Yeah, I didn’t bother trying to steelman the imaginary biologist. I don’t agree with them anyway, and neither would you.
(I guess I was imagining the biologist belonging to the school of thought (which again I strongly disagree with) that says that intelligence doesn’t work by a few legible algorithmic principles, but is rather a complex intricate Rube Goldberg machine, full of interrelated state variables and so on. So we can’t just barge in and make some major change in how the step-by-step operations work, without everything crashing down. Again, I don’t agree, but I think something like that is a common belief in neuroscience/CogSci/etc.)
I agree with “useful” and “not harmful”. But an interesting question is: Is it SO helpful that parallelization can cut the serial (subjective) time from 30 years to 15 years? Or what about 5 years? 2 years? I don’t know! Again, I think at least some brain-like learning has to be serial (e.g. you need to learn about multiplication before nonabelian cohomology), but I don’t have a good sense for just how much.
We’ve decoded much of the brain, but it’s still mysterious what the brain’s backprop equivalent learning algorithm is, and how it seems to learn so quickly at batch size 1, sidestepping all these gradient noise considerations.

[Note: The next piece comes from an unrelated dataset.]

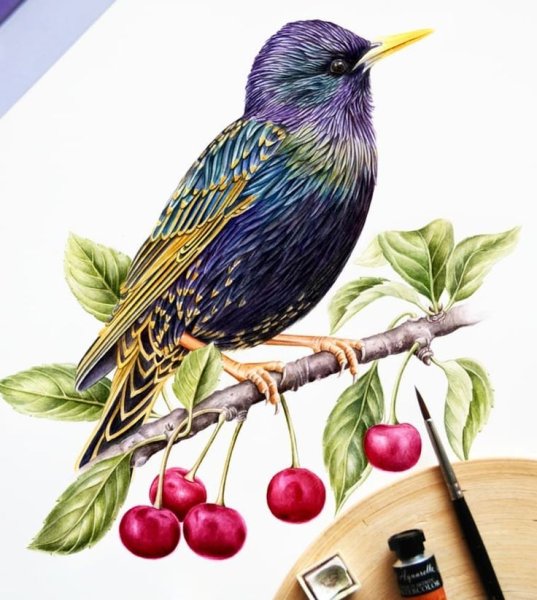 Скворец в живописи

A human may read/hear/think on order a billion-ish words per lifetime or less? GPT-3 trained on a few OOM more, and still would require many OOM more compute/data to hit human perf. Deepmind’s atari agents need about 10^8 frames to match humans and thus are roughly ~3 OOM less data efficient, ignoring human pretraining (true also for EZ, it just uses simulated frames).
Although if you factor in 10 years of human pretraining that’s about 10^8 seconds—so perhaps a big chunk of it is just generic multimodal curriculum pretraining.